地形図は、標高や地形の起伏、河川や海岸線、道路や建物、土地利用などの状態を精細に表現した地図です。地形図は 5 万分 1 程度以上の中縮尺から大縮尺で整備されており、多くの国で基本図として用いられています。

地形図の要素

地形図が含む要素に対する統一的な規定はありませんが、多くの場合以下の表にあるような要素を含み、地形だけでなく、都市や施設の位置情報や、土地利用および地名など多くの情報を得ることができます。

地形等高線、標高点、海岸線、河川、湖沼
交通道路、徒歩道、鉄道
境界都道府県界、市区町村界
施設公共施設、発電所、建物、港湾施設、空港

日本の地形図

日本では、国土地理院が 5 万分 1、2 万 5 千分 1、1 万分 1 の 3 縮尺で地形図を整備しており、書店やオンラインショップから印刷物を購入することができます。

2 万 5 千分 1 地形図
2 万 5 千分 1 地形図 (国土地理院 Web ページより引用)

また、電子地形図とよばれるデジタル地形図も国土地理院より刊行されており、コンピューターなどで扱える形式の地形図を入手することもできます。

GIS における地形図の利用

GIS においては地形図から土地被覆などの判読を行い、データ化して解析に用いたり、主題図の背景として使用したりします。
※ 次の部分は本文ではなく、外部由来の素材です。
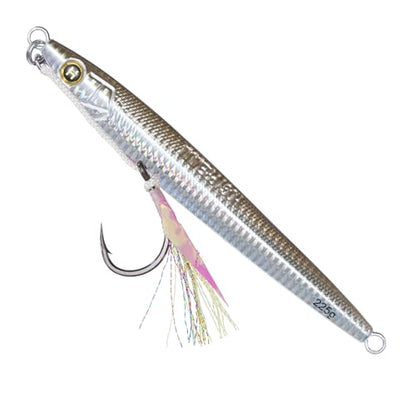 Hogy Big-Game Sand EEL Jig - Tuna Fishing Lure Knife-Style Deep Water Jig | Knife-style deep water jig with heavy-duty assist hooks for Tuna, Striped Bass, Groundfish & saltwater fishing. - color: Olive, size: 10/0 - 8.5oz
日本において、GIS ソフトウェアで地形図を利用する場合は前述の電子地形図が使用できます。電子地形図は TIFF、JPEG、PDF の形式で提供されており、位置情報ファイル(ワールドファイル仕様)が付属しているので、GIS ソフトウェア上で投影法を定義すれば正しい位置に表示することが可能です。
※ ESRIジャパンでは定型図郭版の 2 万 5 千 1 電子地形図の投影法の定義や、装飾部分の切り取りが行えるツールを公開しています(電子地形図 25000 変換ツール)。

ArcMap に表示した 2 万 5 千 1 電子地形図ArcMap に表示した 2 万 5 千 1 電子地形図

加えて、近年ではクラウドなどインターネットを通して配信される地形図があり、デスクトップ GIS の背景地図としてだけではなく、Web GIS のアプリケーションなどの背景図として、Web ブラウザー上や、スマートフォン上のアプリケーションで幅広く利用されています。以下はインターネットを通して配信される地形図の例です。

地理院地図

国土地理院が整備するさまざまな地図を Web サービスとして配信しています。配信されている地図の中に地形図も含まれており、日本全国を継ぎ目のない状態で閲覧することができます。 
また、さまざまなアプリケーションから呼び出すための API の提供も行われています。ArcGIS では ArcGIS Online や ArcGIS Desktop から利用可能です。

ArcGIS Pro に追加した地理院地図ArcGIS Pro に追加した地理院地図

ArcGIS Online 背景地図

米国 Esri 社が提供するクラウド GIS の ArcGIS Online では無償で利用可能な背景地図を配信しており、その中に地形図も含まれています。整備範囲は全世界で、各国の地形を見ることができます。ArcGIS Online から配信されますが、ArcGIS Desktopでも背景地図として利用することができます。

ArcGIS Online の地形図ArcGIS Online の地形図

このように、地形図は精細な地形や土地の情報を多く含んでおり、紙だけではなくデジタル形式でも整備されていることから、GIS において最も重要な基礎データの 1 つとなっています。